• TRY IT:
Exactly as given, reproduce the records in full.

### SOURCE MATERIAL

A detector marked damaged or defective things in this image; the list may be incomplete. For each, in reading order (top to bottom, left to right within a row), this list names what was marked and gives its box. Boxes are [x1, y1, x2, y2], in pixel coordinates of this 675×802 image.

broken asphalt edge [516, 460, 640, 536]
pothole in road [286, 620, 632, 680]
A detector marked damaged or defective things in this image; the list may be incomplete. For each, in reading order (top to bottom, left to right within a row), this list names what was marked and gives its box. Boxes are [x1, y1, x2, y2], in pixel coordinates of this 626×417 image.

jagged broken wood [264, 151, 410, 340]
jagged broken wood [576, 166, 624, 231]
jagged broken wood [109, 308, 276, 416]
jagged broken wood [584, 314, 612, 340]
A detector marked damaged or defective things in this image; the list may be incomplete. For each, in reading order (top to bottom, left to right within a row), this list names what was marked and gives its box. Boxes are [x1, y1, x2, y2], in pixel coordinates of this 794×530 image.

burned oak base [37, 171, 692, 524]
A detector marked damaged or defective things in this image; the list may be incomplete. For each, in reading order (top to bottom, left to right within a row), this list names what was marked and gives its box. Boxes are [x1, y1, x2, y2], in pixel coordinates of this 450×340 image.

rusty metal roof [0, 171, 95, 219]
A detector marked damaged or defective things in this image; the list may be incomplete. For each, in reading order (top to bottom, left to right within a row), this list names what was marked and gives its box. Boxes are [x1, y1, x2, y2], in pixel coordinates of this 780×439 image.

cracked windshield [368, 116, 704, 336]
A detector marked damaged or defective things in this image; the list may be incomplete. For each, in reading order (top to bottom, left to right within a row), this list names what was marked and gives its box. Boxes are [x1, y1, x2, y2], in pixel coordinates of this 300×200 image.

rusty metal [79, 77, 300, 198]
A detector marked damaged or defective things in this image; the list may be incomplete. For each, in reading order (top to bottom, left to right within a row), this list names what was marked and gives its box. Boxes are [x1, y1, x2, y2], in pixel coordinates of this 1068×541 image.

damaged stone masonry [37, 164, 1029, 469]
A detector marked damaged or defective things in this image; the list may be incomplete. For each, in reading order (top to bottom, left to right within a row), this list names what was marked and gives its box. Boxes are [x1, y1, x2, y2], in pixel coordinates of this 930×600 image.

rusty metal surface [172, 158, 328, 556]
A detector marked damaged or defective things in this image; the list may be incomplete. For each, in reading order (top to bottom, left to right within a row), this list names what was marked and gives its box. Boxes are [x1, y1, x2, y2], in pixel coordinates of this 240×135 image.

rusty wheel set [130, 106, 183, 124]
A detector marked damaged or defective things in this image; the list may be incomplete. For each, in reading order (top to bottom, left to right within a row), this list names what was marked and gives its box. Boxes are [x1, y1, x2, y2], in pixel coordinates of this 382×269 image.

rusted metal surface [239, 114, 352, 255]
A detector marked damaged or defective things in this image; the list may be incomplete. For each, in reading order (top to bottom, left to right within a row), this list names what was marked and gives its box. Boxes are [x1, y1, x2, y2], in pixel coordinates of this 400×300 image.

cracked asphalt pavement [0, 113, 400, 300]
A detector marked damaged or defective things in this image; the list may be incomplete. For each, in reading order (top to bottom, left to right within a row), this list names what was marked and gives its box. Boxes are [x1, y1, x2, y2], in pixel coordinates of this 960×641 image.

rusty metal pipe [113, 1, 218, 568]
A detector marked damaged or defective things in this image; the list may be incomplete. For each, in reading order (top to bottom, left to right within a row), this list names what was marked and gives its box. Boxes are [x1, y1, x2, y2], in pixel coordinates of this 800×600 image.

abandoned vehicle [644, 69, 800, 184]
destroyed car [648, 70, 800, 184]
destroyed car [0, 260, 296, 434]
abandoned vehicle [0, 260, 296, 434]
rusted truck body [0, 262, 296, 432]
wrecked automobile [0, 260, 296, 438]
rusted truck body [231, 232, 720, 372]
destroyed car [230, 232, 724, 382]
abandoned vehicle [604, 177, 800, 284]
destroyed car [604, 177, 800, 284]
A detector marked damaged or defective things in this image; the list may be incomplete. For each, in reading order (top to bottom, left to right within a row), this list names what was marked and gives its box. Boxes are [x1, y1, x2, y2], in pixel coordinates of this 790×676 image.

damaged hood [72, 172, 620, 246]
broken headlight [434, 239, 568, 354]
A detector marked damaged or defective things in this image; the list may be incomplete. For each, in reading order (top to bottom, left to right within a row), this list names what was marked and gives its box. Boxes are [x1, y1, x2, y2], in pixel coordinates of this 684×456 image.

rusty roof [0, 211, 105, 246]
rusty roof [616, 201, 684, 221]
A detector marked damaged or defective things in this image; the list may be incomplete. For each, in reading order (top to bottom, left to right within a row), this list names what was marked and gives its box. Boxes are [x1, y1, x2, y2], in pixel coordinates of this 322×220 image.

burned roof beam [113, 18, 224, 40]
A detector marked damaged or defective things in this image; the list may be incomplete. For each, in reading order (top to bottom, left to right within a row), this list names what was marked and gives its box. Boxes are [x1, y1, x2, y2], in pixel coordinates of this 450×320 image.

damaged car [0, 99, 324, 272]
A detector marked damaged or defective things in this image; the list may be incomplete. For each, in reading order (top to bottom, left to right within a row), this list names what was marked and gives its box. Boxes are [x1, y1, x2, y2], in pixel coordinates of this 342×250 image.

######

• WRITTEN RESPONSE:
A detector marked damaged or defective things in this image; the list may be incomplete. For each, in reading order (top to bottom, left to right within a row), this list names what was marked and gives its box. Boxes are [x1, y1, x2, y2], in pixel coordinates of this 675×802 image.

broken asphalt edge [516, 460, 640, 536]
pothole in road [286, 620, 632, 680]
A detector marked damaged or defective things in this image; the list may be incomplete. For each, in reading order (top to bottom, left to right within a row), this list names what was marked and gives its box. Boxes are [x1, y1, x2, y2], in pixel coordinates of this 626×417 image.

jagged broken wood [264, 151, 410, 340]
jagged broken wood [576, 166, 624, 231]
jagged broken wood [109, 308, 276, 416]
jagged broken wood [584, 314, 612, 340]
A detector marked damaged or defective things in this image; the list may be incomplete. For each, in reading order (top to bottom, left to right within a row), this list names what was marked and gives its box. Boxes are [x1, y1, x2, y2], in pixel coordinates of this 794×530 image.

burned oak base [37, 171, 692, 524]
A detector marked damaged or defective things in this image; the list may be incomplete. For each, in reading order (top to bottom, left to right within a row), this list names what was marked and gives its box. Boxes are [x1, y1, x2, y2], in pixel coordinates of this 450×340 image.

rusty metal roof [0, 171, 95, 219]
A detector marked damaged or defective things in this image; the list may be incomplete. For each, in reading order (top to bottom, left to right within a row), this list names what was marked and gives its box. Boxes are [x1, y1, x2, y2], in pixel coordinates of this 780×439 image.

cracked windshield [368, 116, 704, 336]
A detector marked damaged or defective things in this image; the list may be incomplete. For each, in reading order (top to bottom, left to right within a row), this list names what was marked and gives its box. Boxes are [x1, y1, x2, y2], in pixel coordinates of this 300×200 image.

rusty metal [79, 77, 300, 198]
A detector marked damaged or defective things in this image; the list may be incomplete. For each, in reading order (top to bottom, left to right within a row), this list names what was marked and gives its box. Boxes are [x1, y1, x2, y2], in pixel coordinates of this 1068×541 image.

damaged stone masonry [37, 164, 1029, 469]
A detector marked damaged or defective things in this image; the list may be incomplete. For each, in reading order (top to bottom, left to right within a row), this list names what was marked and gives its box. Boxes are [x1, y1, x2, y2], in pixel coordinates of this 930×600 image.

rusty metal surface [172, 158, 328, 556]
A detector marked damaged or defective things in this image; the list may be incomplete. For each, in reading order (top to bottom, left to right within a row), this list names what was marked and gives its box. Boxes are [x1, y1, x2, y2], in pixel coordinates of this 240×135 image.

rusty wheel set [130, 106, 183, 124]
A detector marked damaged or defective things in this image; the list may be incomplete. For each, in reading order (top to bottom, left to right within a row), this list names what was marked and gives its box. Boxes are [x1, y1, x2, y2], in pixel coordinates of this 382×269 image.

rusted metal surface [239, 114, 352, 255]
A detector marked damaged or defective things in this image; the list may be incomplete. For each, in reading order (top to bottom, left to right within a row), this list names what was marked and gives its box. Boxes are [x1, y1, x2, y2], in pixel coordinates of this 400×300 image.

cracked asphalt pavement [0, 113, 400, 300]
A detector marked damaged or defective things in this image; the list may be incomplete. For each, in reading order (top to bottom, left to right within a row), this list names what was marked and gives its box. Boxes are [x1, y1, x2, y2], in pixel coordinates of this 960×641 image.

rusty metal pipe [113, 1, 218, 568]
A detector marked damaged or defective things in this image; the list may be incomplete. For each, in reading order (top to bottom, left to right within a row), this list names what was marked and gives its box. Boxes are [x1, y1, x2, y2], in pixel coordinates of this 800×600 image.

abandoned vehicle [644, 69, 800, 184]
destroyed car [648, 70, 800, 184]
destroyed car [0, 260, 296, 434]
abandoned vehicle [0, 260, 296, 434]
rusted truck body [0, 262, 296, 432]
wrecked automobile [0, 260, 296, 438]
rusted truck body [231, 232, 720, 372]
destroyed car [230, 232, 724, 382]
abandoned vehicle [604, 177, 800, 284]
destroyed car [604, 177, 800, 284]
A detector marked damaged or defective things in this image; the list may be incomplete. For each, in reading order (top to bottom, left to right within a row), this list names what was marked and gives its box. Boxes are [x1, y1, x2, y2], in pixel coordinates of this 790×676 image.

damaged hood [72, 172, 620, 246]
broken headlight [434, 239, 568, 354]
A detector marked damaged or defective things in this image; the list may be incomplete. For each, in reading order (top to bottom, left to right within a row), this list names what was marked and gives its box. Boxes are [x1, y1, x2, y2], in pixel coordinates of this 684×456 image.

rusty roof [0, 211, 105, 246]
rusty roof [616, 201, 684, 221]
A detector marked damaged or defective things in this image; the list may be incomplete. For each, in reading order (top to bottom, left to right within a row), this list names what was marked and gives its box. Boxes are [x1, y1, x2, y2], in pixel coordinates of this 322×220 image.

burned roof beam [113, 18, 224, 40]
A detector marked damaged or defective things in this image; the list may be incomplete. For each, in reading order (top to bottom, left to right within a row), this list names what was marked and gives its box. Boxes are [x1, y1, x2, y2], in pixel coordinates of this 450×320 image.

damaged car [0, 99, 324, 272]
A detector marked damaged or defective things in this image; the list may be incomplete. For each, in reading order (top to bottom, left to right within a row), this list names what was marked and gives its box. Boxes are [x1, y1, x2, y2], in pixel coordinates of this 342×250 image.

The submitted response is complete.